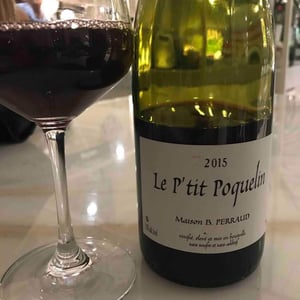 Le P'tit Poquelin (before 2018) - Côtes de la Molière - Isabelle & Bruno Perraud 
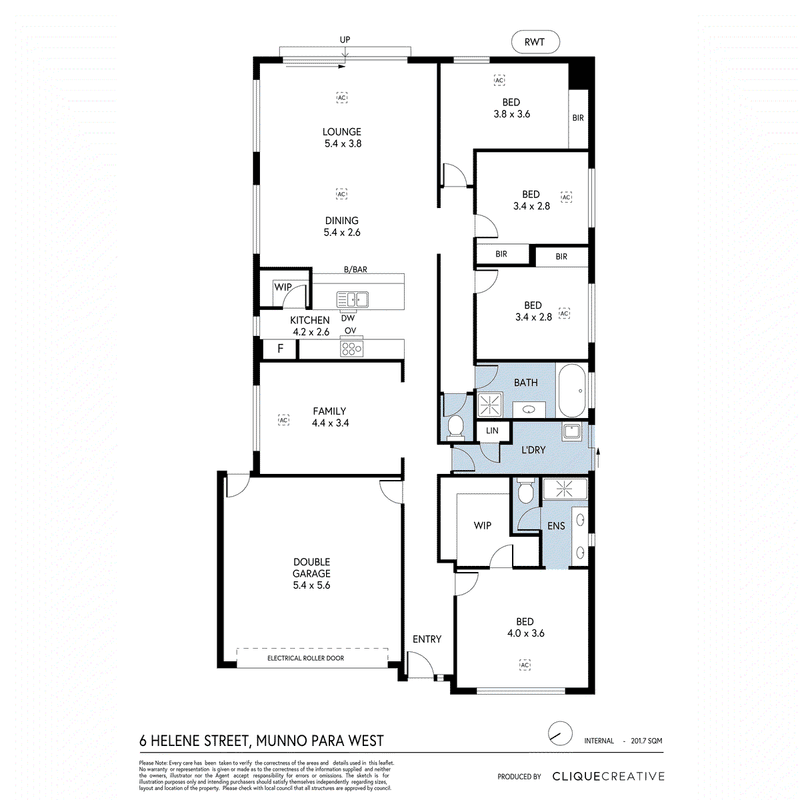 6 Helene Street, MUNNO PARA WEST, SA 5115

──────

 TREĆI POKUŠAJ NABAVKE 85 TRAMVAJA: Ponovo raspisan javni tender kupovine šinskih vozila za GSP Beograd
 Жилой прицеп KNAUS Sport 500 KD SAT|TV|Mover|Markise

──────

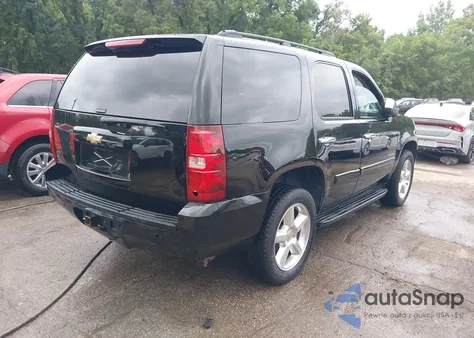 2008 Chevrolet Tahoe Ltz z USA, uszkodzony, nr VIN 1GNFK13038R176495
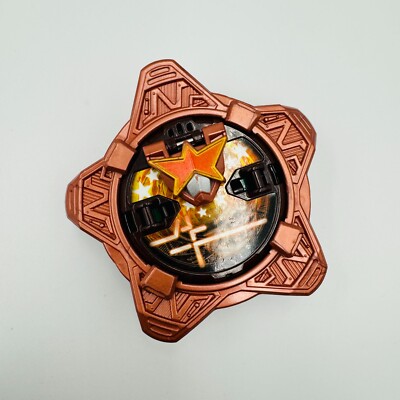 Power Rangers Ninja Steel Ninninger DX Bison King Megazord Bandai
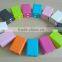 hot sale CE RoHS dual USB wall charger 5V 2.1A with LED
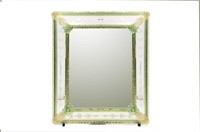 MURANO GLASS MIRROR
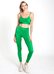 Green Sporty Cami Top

──────

EXERCISE PROMPT
Above are some records; extract exactly the lines from the one containing "Power Rangers Ninja" through the one containing "Green Sporty Cami Top" and drop the pictures.

SOLUTION
 Power Rangers Ninja Steel Ninninger DX Bison King Megazord Bandai
 hot sale CE RoHS dual USB wall charger 5V 2.1A with LED
 MURANO GLASS MIRROR
 Green Sporty Cami Top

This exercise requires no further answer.